Für den Streitfall ergibt sich daraus, daß der Anwendungsbereich des § 13 Abs. 1 Nr. 8 ErbStG 1974 nicht auf die privatrechtlichen Auszahlungsansprüche (§§ 700 Abs. 1 Satz 1, 607 Abs. 1 des Bürgerlichen Gesetzbuches) gegen die Bezirkssparkasse L und die Postsparkasse H erstreckt werden kann. Denn diese Kapitalforderungen beruhen nicht - wie dies § 13 Abs. 1 Nr. 8 ErbStG 1974 ausdrücklich voraussetzt - auf dem die Bundesrepublik verpflichtenden BEG, sondern haben ihren Rechtsgrund in den zwischen der Erblasserin und den Kreditinstituten abgeschlossenen Sparverträgen (vgl. BFH-Urteil vom 1. Dezember 1982 II R 139/78, BFHE 137, 83, BStBl II 1983, 118).

b) Zu Recht hat das FG auch eine analoge Anwendung des § 13 Abs. 1 Nr. 8 ErbStG 1974 abgelehnt.
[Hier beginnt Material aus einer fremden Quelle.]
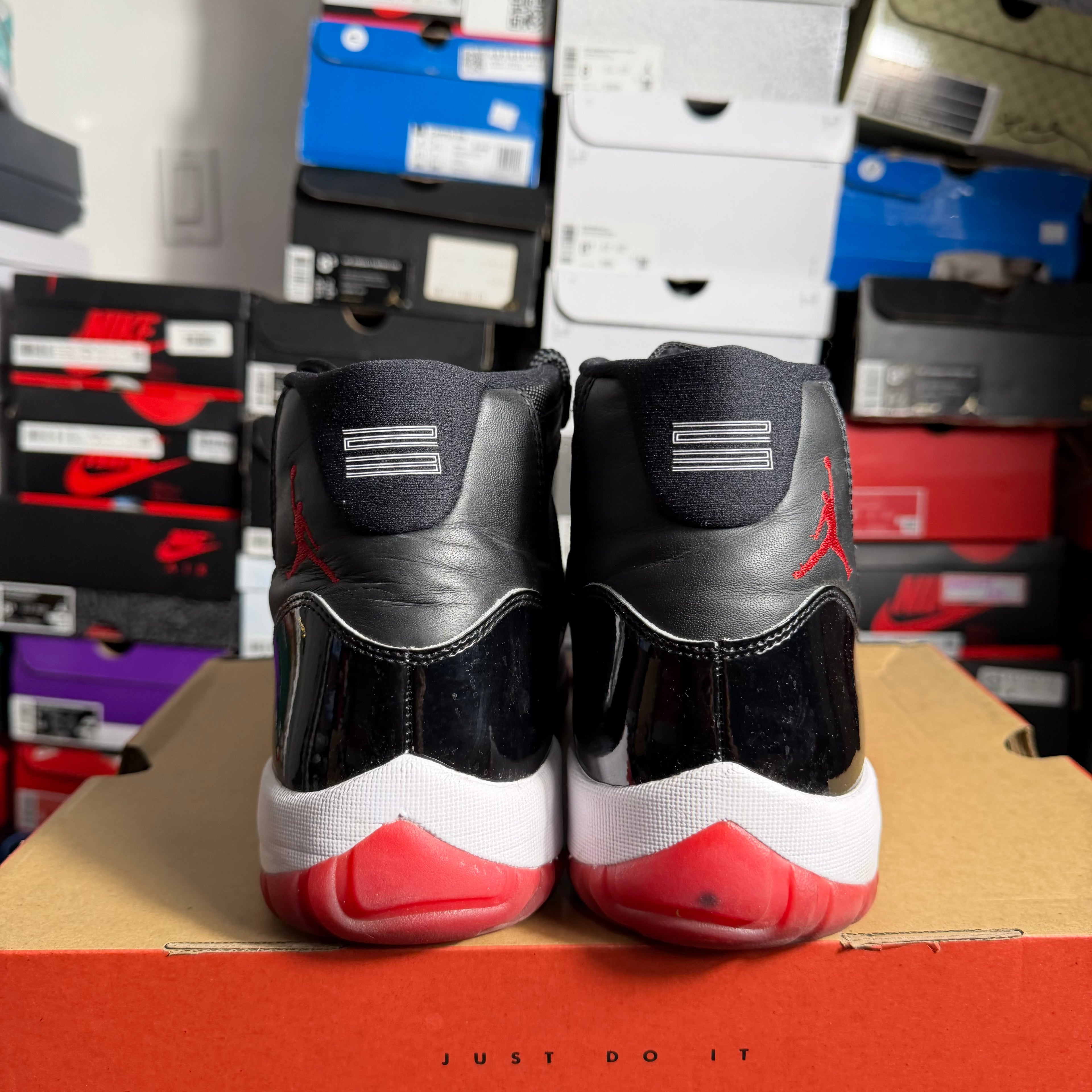 Jordan 11 Retro Playoffs Bred (2019) (Preowned)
Denn entgegen der Ansicht des Klägers besteht bezüglich der Nichterfassung bereits erbrachter Entschädigungsleistungen keine Regelungslücke im Sinne einer "planwidrigen Unvollständigkeit" (vgl. hierzu BFH-Urteil vom 24. Januar 1974 IV R 76/70, BFHE 111, 329, BStBl II 1974, 295-297 m. w. N.), da der Tatbestand des § 13 Abs. 1 Nr. 8 ErbStG 1974 bewußt eng gefaßt ist und die Voraussetzungen, unter denen eine Steuerbefreiung zu gewähren ist, genau und zweifelsfrei umschreibt.

c) Diese auf Ansprüche beschränkte Erbschaftsteuerbefreiung entspricht auch dem Sinn und Zweck der gesetzlichen Regelung, die darauf abzielt, die darin liegende Härte auszugleichen, Entschädigungsansprüche bereits zu einem Zeitpunkt der Besteuerung zu unterwerfen, zu dem diese mangels Erfüllung zwar einen Vermögenswert darstellen, aber noch nicht zu einer für den Steuerpflichtigen tatsächlich verfügbaren (realen) Bereicherung geführt haben (vgl. BFH-Urteil vom 6. Dezember 1995 II R 36/92, BFH/NV 1996, 517, zu § 111 Nrn. 7 b und 8 des Bewertungsgesetzes).

Scheidet demnach eine Anwendung des § 13 Abs. 1 Nr. 8 ErbStG 1974 auf bereits erbrachte Entschädigungsleistungen aus, ist deren weitere Verwendung (z. B. durch Überweisung und Ansparung auf einem Sparkonto) für die Steuerpflichtigkeit des zu beurteilenden Erwerbs unerheblich. Es kommt deshalb nicht darauf an, ob die Entschädigungsleistungen als solche im Vermögen der Erblasserin noch vorhanden waren, als dieses auf die Mutter des Klägers überging.